In some ways it's too early to review this book. It will merit its stars if I'm still using his system in five years time.On the other hand, I tried some of his ideas last week and I feel a lot more in control of my office. I "declared a backlog" and put a whole pile of papers in the bottom drawer of a filing cabinet. I then dealt with each day's paperwork the following day and chipped away at the backlog when I could. The bottom drawer is now empty and I have a "closed list" of actions waitng for me on Monday morning. Of course there are some situations that do need to be dealt with immediately, but I'm in a better mental state for these.

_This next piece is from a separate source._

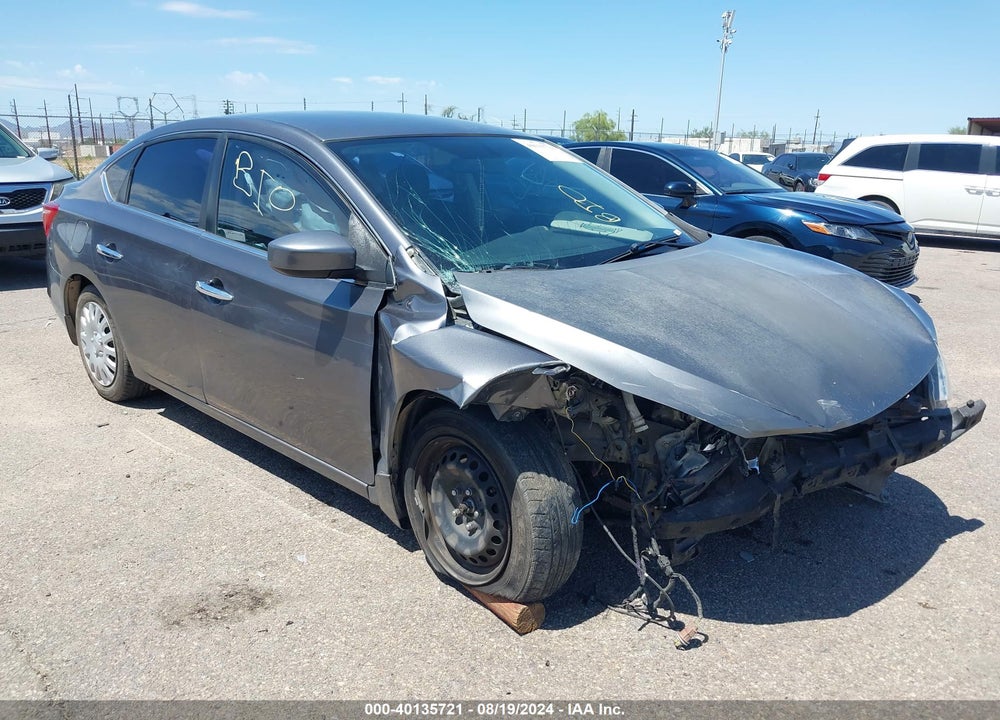 2017 NISSAN SENTRA SV VIN: 3N1AB7AP8HL724152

I've previously been an adherant of David Allen and his "Getting Things Done" mantra. Whilst there's a lot of value in that - particularly the advice on Weekly Reviews, identifying Desirable Outcomes and Next Actions - I've tended to build up a lot of open lists for each "context for action".

I thought Forster was particualrly strong on the difference between commitments and interests. The menu metaphor was powerful; in choosing some commitments you are also rejecting others. Forster makes it clear that if you can't, on a regular basis, action all of one day's incoming on the following day, then you're always going to have problems. It seems an obvious point, but it's one that's missed by other Time Management experts.

Of course, I'm breaking one of the rules at the moment. I've allowed myself to be diverted from yesterday's closed list of tasks to rather "randomly" write this review. There's enough good sense in this book to sugest that the habits it recommends are worth acquiring.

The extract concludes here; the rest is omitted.